Le combat simultané contre l'austérité et l'extraction nous situe sur deux plans qui semblent inconciliables au premier regard. C'est du moins ce qui motive l'argument du « beurre et l'argent du beurre », qu'on pressent déjà au bout des langues gouvernantes : comment pourrait-on à la fois maintenir les coûteux programmes sociaux et se priver de leurs sources de financement pétrolières? S'il est impératif de renoncer de répondre à une telle intimation, c'est parce qu'elle feint de nous mettre dans la peau des gouvernants, comme ses vigilants et compatissants conseillers. Mais le « on » du « Qu'est-ce qu'on doit faire à la place? », ce on n'est pas nous. Il ne concerne que les gestionnaires du désastre, qui perpétuent leur propre cercle vicieux comme seule manière concevable de vivre.  Ce point de vue où le pire – l'austérité comme manière d'être et l'extraction/consommation comme manière de faire – apparaît comme une nécessité inéluctable, ce point de vue n'est pas le nôtre, mais celui de l'administration, du pouvoir, de l'économie.

 

Dans la perspective des gens du commun que nous sommes, du point de vue simple d'une vie qui tente de se réaliser malgré l'asservissement auquel « on » l'accule, l'austérité et l'extraction apparaissent comme deux facettes d'un seul et unique processus.

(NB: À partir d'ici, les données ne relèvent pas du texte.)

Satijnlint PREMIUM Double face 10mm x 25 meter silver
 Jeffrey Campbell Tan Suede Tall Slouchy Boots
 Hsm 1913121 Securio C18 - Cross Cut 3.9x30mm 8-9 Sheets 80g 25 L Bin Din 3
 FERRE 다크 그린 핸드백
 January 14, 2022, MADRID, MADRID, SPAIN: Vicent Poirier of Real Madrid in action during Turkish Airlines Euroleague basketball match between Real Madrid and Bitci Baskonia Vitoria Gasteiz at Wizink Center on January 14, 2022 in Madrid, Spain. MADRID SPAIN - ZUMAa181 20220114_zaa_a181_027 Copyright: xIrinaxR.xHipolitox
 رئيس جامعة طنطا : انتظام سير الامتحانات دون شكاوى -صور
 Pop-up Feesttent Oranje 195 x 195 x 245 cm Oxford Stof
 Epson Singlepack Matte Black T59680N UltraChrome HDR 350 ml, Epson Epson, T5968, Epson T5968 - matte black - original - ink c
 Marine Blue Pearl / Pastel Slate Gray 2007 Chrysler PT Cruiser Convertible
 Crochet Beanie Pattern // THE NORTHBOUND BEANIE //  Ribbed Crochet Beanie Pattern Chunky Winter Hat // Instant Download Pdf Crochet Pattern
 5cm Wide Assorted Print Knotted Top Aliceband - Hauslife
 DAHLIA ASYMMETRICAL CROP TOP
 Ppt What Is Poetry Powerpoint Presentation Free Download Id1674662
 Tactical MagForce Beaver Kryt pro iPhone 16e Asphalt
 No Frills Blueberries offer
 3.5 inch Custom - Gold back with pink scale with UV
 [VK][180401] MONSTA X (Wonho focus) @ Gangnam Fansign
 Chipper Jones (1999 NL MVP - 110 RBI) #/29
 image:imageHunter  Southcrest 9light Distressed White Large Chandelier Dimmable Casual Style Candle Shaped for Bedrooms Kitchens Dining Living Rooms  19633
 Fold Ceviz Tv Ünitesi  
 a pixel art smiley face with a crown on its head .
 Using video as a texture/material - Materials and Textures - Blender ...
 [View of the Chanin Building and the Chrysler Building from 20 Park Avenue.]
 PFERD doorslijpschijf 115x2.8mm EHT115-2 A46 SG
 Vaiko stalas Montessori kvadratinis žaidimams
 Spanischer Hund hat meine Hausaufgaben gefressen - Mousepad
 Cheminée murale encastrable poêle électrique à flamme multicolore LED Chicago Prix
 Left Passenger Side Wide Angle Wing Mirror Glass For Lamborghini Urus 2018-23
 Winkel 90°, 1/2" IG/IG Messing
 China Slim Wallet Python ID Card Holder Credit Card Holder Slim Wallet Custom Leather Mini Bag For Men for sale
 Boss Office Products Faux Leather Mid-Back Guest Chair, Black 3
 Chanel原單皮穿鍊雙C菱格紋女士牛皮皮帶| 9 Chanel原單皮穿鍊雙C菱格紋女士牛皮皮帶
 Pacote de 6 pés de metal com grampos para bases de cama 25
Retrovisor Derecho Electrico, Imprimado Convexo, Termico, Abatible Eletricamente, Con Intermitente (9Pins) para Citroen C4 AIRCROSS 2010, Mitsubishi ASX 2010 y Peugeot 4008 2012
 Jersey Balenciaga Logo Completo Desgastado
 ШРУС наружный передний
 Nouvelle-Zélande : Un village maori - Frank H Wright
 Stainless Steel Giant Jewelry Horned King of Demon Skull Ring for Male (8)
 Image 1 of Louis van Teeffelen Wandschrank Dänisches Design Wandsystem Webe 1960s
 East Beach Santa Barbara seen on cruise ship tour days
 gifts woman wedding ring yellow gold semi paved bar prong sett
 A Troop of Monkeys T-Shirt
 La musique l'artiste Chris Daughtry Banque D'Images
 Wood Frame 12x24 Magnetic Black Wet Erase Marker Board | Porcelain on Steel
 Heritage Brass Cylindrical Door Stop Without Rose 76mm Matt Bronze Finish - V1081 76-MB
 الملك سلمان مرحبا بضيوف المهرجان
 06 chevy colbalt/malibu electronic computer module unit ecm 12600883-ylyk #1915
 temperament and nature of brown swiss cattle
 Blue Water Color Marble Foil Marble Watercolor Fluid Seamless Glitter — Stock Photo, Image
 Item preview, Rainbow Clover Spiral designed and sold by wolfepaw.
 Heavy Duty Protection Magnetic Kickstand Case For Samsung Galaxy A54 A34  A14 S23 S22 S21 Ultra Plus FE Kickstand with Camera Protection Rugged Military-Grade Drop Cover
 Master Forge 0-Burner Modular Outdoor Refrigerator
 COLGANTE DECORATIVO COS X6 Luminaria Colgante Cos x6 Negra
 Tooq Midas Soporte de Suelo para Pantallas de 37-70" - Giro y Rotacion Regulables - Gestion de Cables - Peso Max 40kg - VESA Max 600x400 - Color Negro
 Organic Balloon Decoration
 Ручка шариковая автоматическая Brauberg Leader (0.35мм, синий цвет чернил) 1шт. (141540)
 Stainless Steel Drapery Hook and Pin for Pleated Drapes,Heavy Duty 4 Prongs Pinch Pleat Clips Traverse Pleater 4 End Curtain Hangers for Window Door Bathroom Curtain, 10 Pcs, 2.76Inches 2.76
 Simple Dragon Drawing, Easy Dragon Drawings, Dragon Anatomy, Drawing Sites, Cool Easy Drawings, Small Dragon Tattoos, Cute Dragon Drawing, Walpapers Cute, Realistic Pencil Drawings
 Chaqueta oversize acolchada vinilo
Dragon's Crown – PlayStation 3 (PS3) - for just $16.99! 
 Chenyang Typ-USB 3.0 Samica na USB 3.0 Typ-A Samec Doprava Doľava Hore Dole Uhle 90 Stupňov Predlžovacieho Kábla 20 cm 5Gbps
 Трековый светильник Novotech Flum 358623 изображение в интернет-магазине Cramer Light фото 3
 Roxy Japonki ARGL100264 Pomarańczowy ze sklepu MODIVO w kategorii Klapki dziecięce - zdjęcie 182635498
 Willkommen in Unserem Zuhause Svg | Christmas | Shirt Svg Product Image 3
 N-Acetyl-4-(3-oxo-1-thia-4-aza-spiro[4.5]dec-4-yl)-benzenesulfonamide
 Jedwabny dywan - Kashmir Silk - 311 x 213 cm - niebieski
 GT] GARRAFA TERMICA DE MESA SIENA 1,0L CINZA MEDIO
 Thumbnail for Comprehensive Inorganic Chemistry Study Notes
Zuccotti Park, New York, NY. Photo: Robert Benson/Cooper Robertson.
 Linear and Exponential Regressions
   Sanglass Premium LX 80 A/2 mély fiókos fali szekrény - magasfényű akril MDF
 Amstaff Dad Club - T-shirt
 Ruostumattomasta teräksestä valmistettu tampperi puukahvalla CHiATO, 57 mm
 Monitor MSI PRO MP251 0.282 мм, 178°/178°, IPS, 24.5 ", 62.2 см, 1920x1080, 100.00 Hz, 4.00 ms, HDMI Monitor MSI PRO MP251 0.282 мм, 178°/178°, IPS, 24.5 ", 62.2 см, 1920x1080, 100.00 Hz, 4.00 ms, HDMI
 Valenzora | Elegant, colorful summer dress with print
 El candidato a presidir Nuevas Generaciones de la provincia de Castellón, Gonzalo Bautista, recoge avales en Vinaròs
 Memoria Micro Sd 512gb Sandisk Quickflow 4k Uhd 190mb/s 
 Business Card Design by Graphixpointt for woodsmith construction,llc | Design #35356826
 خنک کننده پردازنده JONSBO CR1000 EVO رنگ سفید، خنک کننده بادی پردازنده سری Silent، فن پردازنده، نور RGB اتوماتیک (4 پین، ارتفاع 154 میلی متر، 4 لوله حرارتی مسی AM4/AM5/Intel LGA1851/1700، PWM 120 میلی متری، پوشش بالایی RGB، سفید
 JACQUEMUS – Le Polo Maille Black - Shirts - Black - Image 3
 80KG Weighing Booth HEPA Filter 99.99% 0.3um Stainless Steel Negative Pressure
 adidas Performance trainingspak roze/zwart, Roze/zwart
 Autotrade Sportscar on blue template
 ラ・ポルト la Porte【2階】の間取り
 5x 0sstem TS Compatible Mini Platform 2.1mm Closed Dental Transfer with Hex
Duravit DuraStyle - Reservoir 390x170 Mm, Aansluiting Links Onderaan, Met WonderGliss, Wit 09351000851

Ce qui est fait aux cadavres liquéfiés des dinosaures – l'extraire de son repos, l'acheminer vers des centres où on en raffine la force active, pour ensuite la brûler au profit d'un mouvement qui n'est autre que celui de ressources elles-mêmes en acheminement – n'est en rien différent de ce que nous fait subir l'austérité. Nous sommes tout autant des ressources humaines, extraites de notre désœuvrement, déplacées vers des centres de formation où l'on raffine notre employabilité, pour être lentement consumées au travail.

 

L'austérité est aux ressources humaines ce que l'extraction est aux ressources naturelles: une mise en demeure à fournir un rendement consumant l'essentiel des énergies. Et ce circuit n'admet aucun reste,  l'austérité nous poussant à nous chercher un revenu dans l'extraction des ressources naturelles, qui ne servent en retour qu'à déplacer les ressources humaines vers leurs lieux d'extraction. Jusqu'au point où employé-e devient l'analogue du carburant : aussi précaire et fluide qu'un gallon d'ordinaire. Rien n'est laissé au dehors de ce réseau à flux tendus qui consomme la matière jusqu'à l'épuisement. L'austérité extractive est cette mauvaise conscience qui, obsédée par sa propre mort, ne peut y échapper qu'en la précipitant. Tendue vers sa propre fin – la retraite dorée suivant l'épuisement des stocks –, elle ne peut que prendre pour ennemie toute vie qui persiste dans l'intervalle. En revanche, c'est à cette vie qu'il importe que nous accordions une puissance. L'existence menacée demande des barricades.

 

Afin de se faire une idée des postures les plus aptes à s'opposer frontalement à l'austérité extractive, il importe de se saisir de ses lignes directrices, en opérant un coup de sonde jusqu'aux profondeurs de sa conception du monde. Comme nous le verrons, celle-ci a partie liée avec la complicité originaire du capitalisme et du protestantisme. Considérant que c'est bien une clique d'évangélistes qui mettent actuellement le Kanada entier en gage pour réaliser l'entreprise la plus polluante de tous les temps, cette complicité mérite d'être envisagée à nouveaux frais. D'autre part, il apparaît que les affinités du socialisme vert (de gris) avec l'austérité extractive sont trop flagrantes pour s'autoriser à la concevoir autrement que comme une voie alternative pour faire passer des lignes de fond similaires.

 

Lignes de fond et ripostes

 

  • L'austérité extractive est enivrée de progressisme, par lequel l'appel d'une fin inéluctable l'entraîne à endetter les temps présents au profit d'une hypothétique œuvre ultime: plein rendement et rationalisation complète, pourtant éternellement repoussée, quitte à s'inventer des secteurs supplémentaires, (tertiaires, quaternaires, etc.) pour prolonger le chemin de croix. /
     
  • Par opposition, l'ethos en résistance assume une temporalité contractée, misant sur l'éternel retour de la différence, faisant fuir la vie vers des directions toujours insoupçonnées. Se départir de la bride progressiste implique de s'émanciper à la fois de la fin (telos) et du principe (archè) dont il serait la réalisation, cercle vicieux faisant du monde un objet extérieur qu'un s'agit de transformer en vue d'une idée. Contre cet idéalisme nihiliste, il s'agit de déployer un jeu anarchique – joyeux bordel -, visant une imprégnation du monde préalable à tout partage de moyens et de fins.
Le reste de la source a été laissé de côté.